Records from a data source
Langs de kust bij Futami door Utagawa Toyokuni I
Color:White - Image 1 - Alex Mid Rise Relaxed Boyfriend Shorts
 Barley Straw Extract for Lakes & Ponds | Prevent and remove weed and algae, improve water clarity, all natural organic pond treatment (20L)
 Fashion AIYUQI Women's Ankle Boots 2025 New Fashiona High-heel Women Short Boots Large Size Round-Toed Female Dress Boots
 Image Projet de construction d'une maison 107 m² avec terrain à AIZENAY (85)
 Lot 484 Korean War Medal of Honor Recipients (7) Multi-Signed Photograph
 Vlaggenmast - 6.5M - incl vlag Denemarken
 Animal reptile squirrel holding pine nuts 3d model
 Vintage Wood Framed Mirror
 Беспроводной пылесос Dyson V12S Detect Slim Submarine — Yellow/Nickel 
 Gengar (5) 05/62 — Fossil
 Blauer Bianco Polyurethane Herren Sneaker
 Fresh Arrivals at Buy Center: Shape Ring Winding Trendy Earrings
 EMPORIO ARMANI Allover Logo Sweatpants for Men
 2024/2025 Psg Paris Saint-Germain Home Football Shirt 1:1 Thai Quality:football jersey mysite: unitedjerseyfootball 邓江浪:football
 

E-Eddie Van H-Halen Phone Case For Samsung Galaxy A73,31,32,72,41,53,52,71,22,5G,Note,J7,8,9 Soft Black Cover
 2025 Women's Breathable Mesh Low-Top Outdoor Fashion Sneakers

◆ ABOUT THIS EXERCISE
Retype each entry exactly, missing none.

◆ OUTPUT
Langs de kust bij Futami door Utagawa Toyokuni I
Color:White - Image 1 - Alex Mid Rise Relaxed Boyfriend Shorts
 Barley Straw Extract for Lakes & Ponds | Prevent and remove weed and algae, improve water clarity, all natural organic pond treatment (20L)
 Fashion AIYUQI Women's Ankle Boots 2025 New Fashiona High-heel Women Short Boots Large Size Round-Toed Female Dress Boots
 Image Projet de construction d'une maison 107 m² avec terrain à AIZENAY (85)
 Lot 484 Korean War Medal of Honor Recipients (7) Multi-Signed Photograph
 Vlaggenmast - 6.5M - incl vlag Denemarken
 Animal reptile squirrel holding pine nuts 3d model
 Vintage Wood Framed Mirror
 Беспроводной пылесос Dyson V12S Detect Slim Submarine — Yellow/Nickel 
 Gengar (5) 05/62 — Fossil
 Blauer Bianco Polyurethane Herren Sneaker
 Fresh Arrivals at Buy Center: Shape Ring Winding Trendy Earrings
 EMPORIO ARMANI Allover Logo Sweatpants for Men
 2024/2025 Psg Paris Saint-Germain Home Football Shirt 1:1 Thai Quality:football jersey mysite: unitedjerseyfootball 邓江浪:football
 

E-Eddie Van H-Halen Phone Case For Samsung Galaxy A73,31,32,72,41,53,52,71,22,5G,Note,J7,8,9 Soft Black Cover
 2025 Women's Breathable Mesh Low-Top Outdoor Fashion Sneakers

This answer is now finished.